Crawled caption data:
------------
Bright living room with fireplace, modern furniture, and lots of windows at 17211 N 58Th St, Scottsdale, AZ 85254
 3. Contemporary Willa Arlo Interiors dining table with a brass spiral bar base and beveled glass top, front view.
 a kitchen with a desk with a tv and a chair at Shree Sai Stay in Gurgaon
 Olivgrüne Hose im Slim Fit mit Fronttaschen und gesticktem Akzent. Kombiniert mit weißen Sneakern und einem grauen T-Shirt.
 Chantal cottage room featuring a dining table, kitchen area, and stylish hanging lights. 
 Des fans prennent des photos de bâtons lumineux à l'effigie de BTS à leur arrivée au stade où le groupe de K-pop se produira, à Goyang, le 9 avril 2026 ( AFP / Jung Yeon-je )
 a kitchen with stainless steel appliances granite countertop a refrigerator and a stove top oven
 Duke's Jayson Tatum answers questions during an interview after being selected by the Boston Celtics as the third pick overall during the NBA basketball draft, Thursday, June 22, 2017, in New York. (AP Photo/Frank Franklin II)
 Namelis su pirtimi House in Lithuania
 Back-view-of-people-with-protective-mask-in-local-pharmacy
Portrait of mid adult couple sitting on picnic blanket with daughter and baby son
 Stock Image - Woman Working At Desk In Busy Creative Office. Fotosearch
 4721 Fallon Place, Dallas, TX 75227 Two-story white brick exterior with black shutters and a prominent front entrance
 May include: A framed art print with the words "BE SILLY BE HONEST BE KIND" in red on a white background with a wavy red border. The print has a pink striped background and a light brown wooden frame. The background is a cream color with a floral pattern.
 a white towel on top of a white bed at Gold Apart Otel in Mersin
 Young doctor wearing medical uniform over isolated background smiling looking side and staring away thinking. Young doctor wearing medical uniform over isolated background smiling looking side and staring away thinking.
------------
Lines after the one containing "Chantal cottage room" are left out; every line from the start of the entries through that line is restated word for word.

• [Answer to this task]
Bright living room with fireplace, modern furniture, and lots of windows at 17211 N 58Th St, Scottsdale, AZ 85254
 3. Contemporary Willa Arlo Interiors dining table with a brass spiral bar base and beveled glass top, front view.
 a kitchen with a desk with a tv and a chair at Shree Sai Stay in Gurgaon
 Olivgrüne Hose im Slim Fit mit Fronttaschen und gesticktem Akzent. Kombiniert mit weißen Sneakern und einem grauen T-Shirt.
 Chantal cottage room featuring a dining table, kitchen area, and stylish hanging lights. 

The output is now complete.